From the line with "It usually takes" down to the final line of the records below, retype everything exactly and leave out the rest.

**Data for this task**:
***

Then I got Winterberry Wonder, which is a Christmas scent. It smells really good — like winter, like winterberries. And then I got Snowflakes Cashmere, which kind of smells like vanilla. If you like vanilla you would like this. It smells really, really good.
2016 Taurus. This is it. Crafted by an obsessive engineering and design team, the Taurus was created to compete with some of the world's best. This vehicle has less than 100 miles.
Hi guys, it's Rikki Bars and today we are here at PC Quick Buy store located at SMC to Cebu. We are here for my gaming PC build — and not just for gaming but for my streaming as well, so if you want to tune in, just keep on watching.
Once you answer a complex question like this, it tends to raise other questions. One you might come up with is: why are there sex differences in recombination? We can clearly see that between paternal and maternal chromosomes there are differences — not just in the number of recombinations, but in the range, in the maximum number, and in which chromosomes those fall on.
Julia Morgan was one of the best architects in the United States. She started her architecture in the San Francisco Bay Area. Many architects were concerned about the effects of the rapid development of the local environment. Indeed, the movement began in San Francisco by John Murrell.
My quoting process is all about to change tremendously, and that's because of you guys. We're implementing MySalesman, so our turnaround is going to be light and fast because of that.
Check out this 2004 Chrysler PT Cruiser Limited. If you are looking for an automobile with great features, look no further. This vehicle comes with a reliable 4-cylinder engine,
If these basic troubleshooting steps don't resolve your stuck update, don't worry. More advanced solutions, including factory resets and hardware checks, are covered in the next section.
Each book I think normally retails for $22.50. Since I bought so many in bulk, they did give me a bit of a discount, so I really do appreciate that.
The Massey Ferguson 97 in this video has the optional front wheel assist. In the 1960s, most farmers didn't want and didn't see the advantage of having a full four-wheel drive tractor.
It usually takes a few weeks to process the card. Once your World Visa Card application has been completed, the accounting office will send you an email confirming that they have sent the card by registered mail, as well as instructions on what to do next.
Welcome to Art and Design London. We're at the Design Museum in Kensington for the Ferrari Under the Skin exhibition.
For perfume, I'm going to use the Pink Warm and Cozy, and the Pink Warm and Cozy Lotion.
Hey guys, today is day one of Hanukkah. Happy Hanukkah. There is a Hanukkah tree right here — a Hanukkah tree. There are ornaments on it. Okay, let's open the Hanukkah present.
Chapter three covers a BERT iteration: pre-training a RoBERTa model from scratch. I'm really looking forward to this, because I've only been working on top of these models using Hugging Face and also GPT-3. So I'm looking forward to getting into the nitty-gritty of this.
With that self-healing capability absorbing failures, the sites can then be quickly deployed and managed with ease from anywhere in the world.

***

**Response area**:
It usually takes a few weeks to process the card. Once your World Visa Card application has been completed, the accounting office will send you an email confirming that they have sent the card by registered mail, as well as instructions on what to do next.
Welcome to Art and Design London. We're at the Design Museum in Kensington for the Ferrari Under the Skin exhibition.
For perfume, I'm going to use the Pink Warm and Cozy, and the Pink Warm and Cozy Lotion.
Hey guys, today is day one of Hanukkah. Happy Hanukkah. There is a Hanukkah tree right here — a Hanukkah tree. There are ornaments on it. Okay, let's open the Hanukkah present.
Chapter three covers a BERT iteration: pre-training a RoBERTa model from scratch. I'm really looking forward to this, because I've only been working on top of these models using Hugging Face and also GPT-3. So I'm looking forward to getting into the nitty-gritty of this.
With that self-healing capability absorbing failures, the sites can then be quickly deployed and managed with ease from anywhere in the world.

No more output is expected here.